Structured Streaming concepts
This article provides an introduction to Structured Streaming on Azure Databricks.
What is Structured Streaming?
Apache Spark Structured Streaming is a near real-time processing engine that offers end-to-end fault tolerance with exactly-once processing guarantees using familiar Spark APIs. Structured Streaming lets you express computation on streaming data in the same way you express a batch computation on static data. The Structured Streaming engine performs the computation incrementally and continuously updates the result as streaming data arrives.
Read from a data stream
You can use Structured Streaming to incrementally ingest data from supported data sources. Common data sources include the following:
- Data files in cloud object storage. See What is Auto Loader?.
- Message buses and queues. See Configure streaming data sources.
- Delta Lake. See Delta table streaming reads and writes.
Each data source provides a number of options to specify how to load batches of data. During reader configuration, you might need to configure options to do the following:
- Specify the data source or format (for example, file type, delimiters, and schema).
- Configure access to source systems (for example, port settings and credentials).
- Specify where to start in a stream (for example, Kafka offsets or reading all existing files).

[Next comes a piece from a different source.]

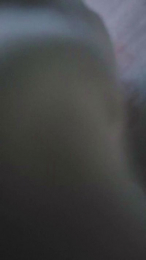 Nazsexy webcam model stream image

- Control how much data is processed in each batch (for example, max offsets, files, or bytes per batch). See Configure Structured Streaming batch size on Azure Databricks.
Write to a data sink
A data sink is the target of a streaming write operation. Common sinks used in Azure Databricks streaming workloads include the following:
- Delta Lake
- Message buses and queues
- Key-value databases
As with data sources, most data sinks provide a number of options to control how data is written to the target system. During writer configuration, you specify the following options:
- Output mode (append by default). See Select an output mode for Structured Streaming.
- A checkpoint location (required for each writer). See Structured Streaming checkpoints.
- Trigger intervals. See Configure Structured Streaming trigger intervals.
- Options that specify the data sink or format (for example, file type, delimiters, and schema).
- Options that configure access to target systems (for example, port settings and credentials).